### ASSIGNMENT
Reproduce, from the lines below, exactly the stretch that begins at the line containing "Rare Gucci Bamboo Heeled Flats Tom Ford Era" and ends at the line containing "Catálogo Soriana Híper", both included.

### ENTRIES SUPPLIED
=-=-=-=-=

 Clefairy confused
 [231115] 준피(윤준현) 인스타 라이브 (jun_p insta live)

=-=-=-=-=

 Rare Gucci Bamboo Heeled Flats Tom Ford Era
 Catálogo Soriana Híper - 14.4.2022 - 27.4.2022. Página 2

=-=-=-=-=

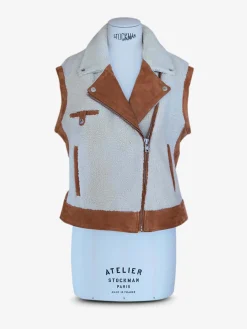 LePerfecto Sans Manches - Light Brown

=-=-=-=-=

### ANSWER TO THE PROBLEM
 Rare Gucci Bamboo Heeled Flats Tom Ford Era
 Catálogo Soriana Híper - 14.4.2022 - 27.4.2022. Página 2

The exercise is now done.